Exercise Set 06

Technical Exercises

Technical Exercise 1: practice with distributions and moments

Imagine you have a non-transparent container. Inside this container, you have 5 ping-pong balls which have no discernible features apart from a numerical label:

Numerical labels on balls in an urn

While blindfolded, draw two balls from this container with replacement. What this means is that after drawing the first ball, you return the ball before drawing the second ball. Assume that someone is right by your side recording the outcome of the two draws.

Define two random variables \(X_1\) and \(X_2\) to be the recorded outcome of the first and second draws, respectively. Further define another random variable \[Y=\frac{X_1+X_2}{2}\] You can safely assume that all possible outcomes of the pair \((X_1, X_2)\) are equally likely to occur.

  1. Obtain the probability distribution of \(Y\).
  2. Using what you have found in item 1, calculate \(\mathbb{E}\left(Y\right)\) and \(\mathsf{Var}\left(Y\right)\).
  3. \(X_1\) and \(X_2\) are independent random variables. Can you explain why?
  4. Do you think \(X_1\) and \(X_2\) are identically distributed random variables? Show why or why not.
  5. Can you think of a way to change the conditions of the experiment so that you can break the independence of \(X_1\) and \(X_2\)?

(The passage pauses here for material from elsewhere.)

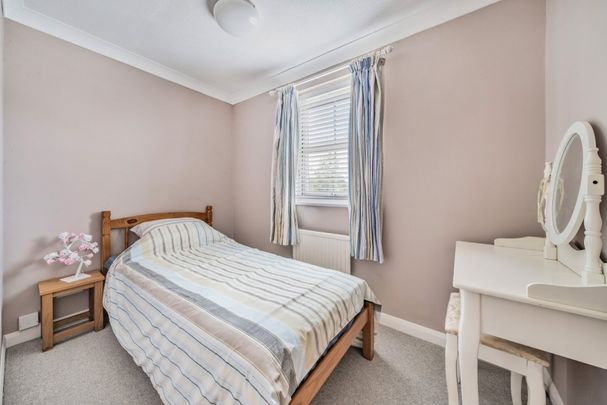 Amis Avenue, Addlestone, Surrey, KT15 - Photo 1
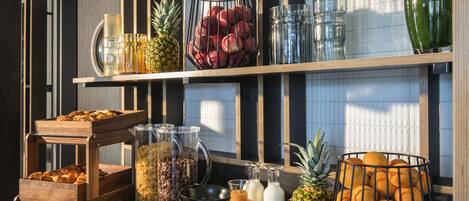 Petit déjeuner continental compris tous les jours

Technical Exercise 2: properties of the variance and covariance

Note that a consequence of the axioms is that \[\mathbb{E}\left(\sum_{j=1}^n c_jX_j\right)=\sum_{j=1}^n c_j \mathbb{E}\left(X_j\right)\]

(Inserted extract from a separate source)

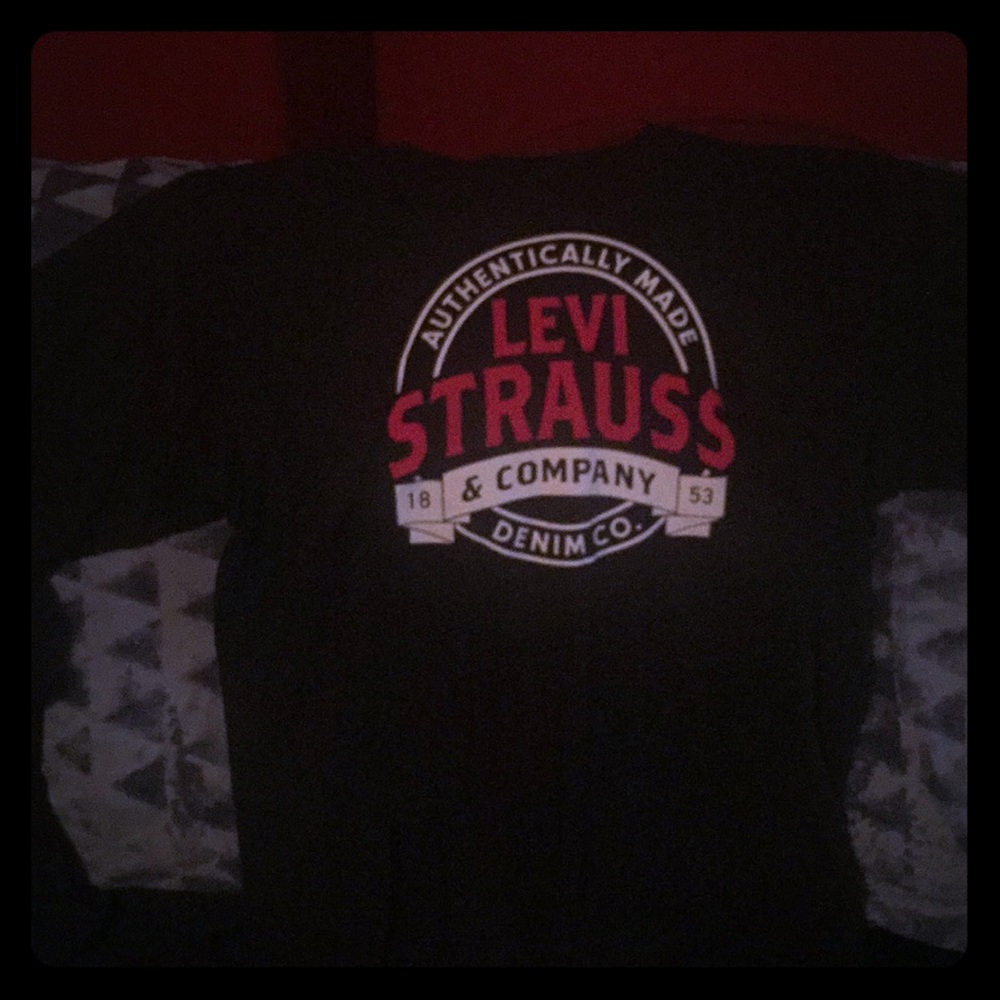 Black Levi Strauss long sleeve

This property turns out to be extremely useful in evaluating expected values. In this exercise, you will be proving some properties of the variance and covariance which are really expected values at their core.

Let \(X\), \(Y\), and \(W\) be random variables. Let \(a\), \(b\), \(c\), \(d\), and \(e\) be constants. Assume that expected values under consideration exist. Prove that:

  1. \(\mathsf{Var}\left(aX+bY+c\right)=a^2\mathsf{Var}\left(X\right)+b^2\mathsf{Var}\left(Y\right)+2ab \mathsf{Cov}\left(X,Y\right)\). Start from either the definition of the variance or from the other form of the variance.
  2. Using the previous item, compute the simplified value of \(\mathsf{Var}\left(2X-3Y+4\right)\) if \(\mathbb{E}\left(X\right)=0\), \(\mathbb{E}\left(X^2\right)=3\), \(\mathbb{E}\left(Y\right)=1\), \(\mathbb{E}\left(Y^2\right)=3\), and \(\rho_{X,Y}=0.5\).

Technical Exercise 3: independence and uncorrelatedness

In the slides, I presented a simulation showing that if \(X\) follows a standard normal distribution and if we let \(Y=X^2\), then \(\mathsf{Cov}\left(X,Y\right)=0\). But the simulation is not a proof and it is merely suggestive of what we could see in the long run. Note that the moments of the standard normal distribution are as follows: \(\mathbb{E}\left(X\right)=0\), \(\mathbb{E}\left(X^2\right)=1\), \(\mathbb{E}\left(X^3\right)=0\), \(\mathbb{E}\left(X^4\right)=3\).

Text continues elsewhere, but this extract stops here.